What I have learned is that it has brought me peace and even some joy to make time to journal and be with my Rosie every day. I looked forward to spending time with my thoughts and with my memories and have found some healing in trying to make sense of my emotions.
I’m beyond grateful for Rosie – for her life, but also for her continued love and presence in my life now and the everlasting impact she has made on me. I know that there will be dark days and moments where I can’t see or feel the sun. But just like I have gotten through this last month (or better yet the last 3 months since Rosie’s passing) – I have proven to myself how strong I am and how I will get through this. Yes, I will ALWAYS miss Rosie and be pained by her absence – but, I also will continue to put one foot in front of the other, I will continue to memorialize my daughter, I will continue to be grateful for all of the love and support I am surrounded by, and I will continue to chase the sunsets – searching always for more glimmers of light and hope.

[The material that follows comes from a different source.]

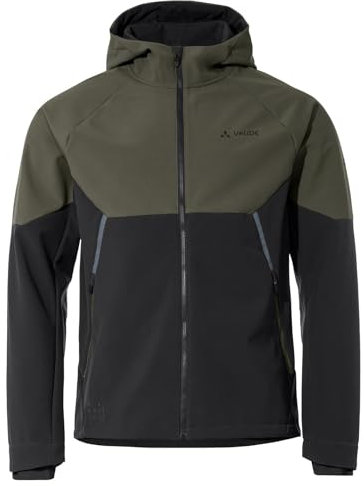 VAUDE Softshell Fahrradjacke Herren Qimsa – Wasserdichte & atmungsaktive Softshelljacke Herren, reflektierende Details, ideal fürs Radfahren im Herbst & Winter - in khaki, Größe: S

I refuse to let Rosie’s passing stifle her spirit and her legacy. I will make something special and impactful on this world out of this tragedy – just as Rosie would be making an impact on the world if she were still here. I will talk about Rose and continue to make her a central part of my family and of my life. I will not let her be forgotten. I may not be able to control the fact that she isn’t here with us or that her precious life was cut far too short – but I can control how I respond to this and how I find ways to live with Rosie in a new way.
I’m living for Rosie and for that moment when my life is over and she comes running into my arms and tells me how proud she is of me. There has got to be more to life than all of this – a bigger meaning to it all. I live for that and I pray that my Rosie helps lead me there every day for the rest of my life.